ANN/CHINA DAILY – Mutated rice seeds brought from space may provide new species on Earth and result in higher yields than their terrestrial counterparts.
At a scientific research demonstration base in Wuhan, Hubei province, workers from Hubei Jinguang Agricultural Technology Co recently completed harvesting space rice from 20 hectares of paddies where they had planted seeds from China’s Shenzhou-12 manned space mission.
Space breeding is a process in which seeds are exposed to cosmic radiation and microgravity during a space mission to mutate their genes and are returned to Earth to generate new species.
Back on Earth, scientists examine and evaluate the mutations.
Some can be positive, conferring properties favoured by farmers, such as greater yields, shorter growth periods and better resistance to disease.
“On September 17, 2021, we got back the seeds carried by the Shenzhou-12 manned spaceship when it returned to Earth after three months in space,” said President of Hubei Jinguang Agricultural Technology Co Gao Xuegang.
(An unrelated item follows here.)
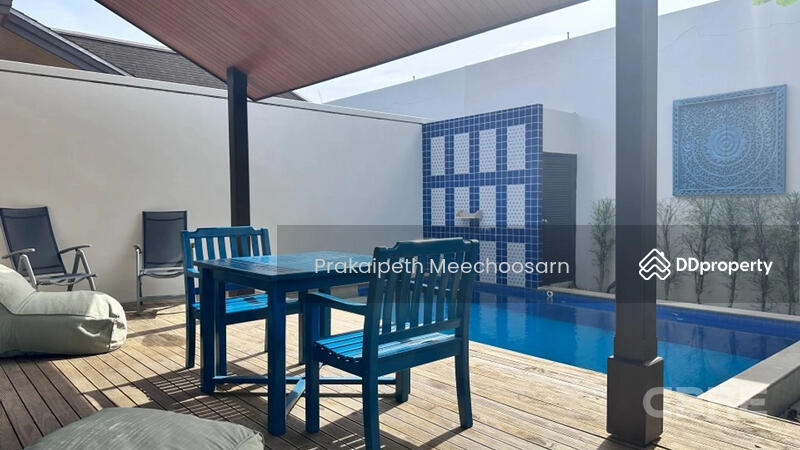 For Sale - Two Villas Tara, Phuket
“The high-quality seeds that we carefully selected include corn, rapeseed and rice.”
After the seeds went through an additional selection process and were germinated by experts at China’s Space Breeding Achievement Transformation Centre, the rice seedlings were planted in Hainan province in November 2021 to generate more seeds.
In June, 150 kilogrammes (kg) of high-quality space-bred rice seeds were selected and planted on 20 hectares in Wuhan.
“This is the second time we planted space-bred rice, after a first success in 2021,” Gao said.
“During the whole process, we used no pesticides or chemical fertilisers. The rice harvested last year had better quality than common rice, a sweeter fragrance and a softer and waxier texture.”
Gao said the results of this year’s planting experiment show that space-bred seeds can be used as an early or late crop because of their adaptability.
“Because of the unusually high temperatures and severe drought this summer, diseases and insect pests were serious in some regions in the country, reducing the rice output,” he said.
“However, the space-bred rice showed strong drought resistance and good ability to resist pests and disease. Space rice was significantly less affected than ordinary rice.”
“Space breeding has outstanding advantages,” said an expert from the provincial academy of agricultural sciences Dong Hualin.
“Space creates a special mutagenesis environment, which is difficult to achieve on Earth.”
Mutagenesis is a process that leads to permanent and possibly inheritable genetic mutation.
“The high vacuum, high cleanliness, weightlessness, strong radiation, ultra-high-speed operation and magnetic wire cutting in space can greatly shorten the breeding period,” he said.
Scientists expect to produce 7,125 kg per hectare this year, Gao said. Some of the rice will be used for further breeding research and some will be supplied to the markets as a high-end product costing about CNY200 (USD27.46) per kilogramme.
So far, the company has conducted the planting experiment on more than 333 hectares of farmland in Jiangxi, Guizhou, Hunan and Shandong provinces in cooperation with local farmers.
“I believe there are good prospects for the industrial development of large-scale planting of space-bred rice,” said Dong.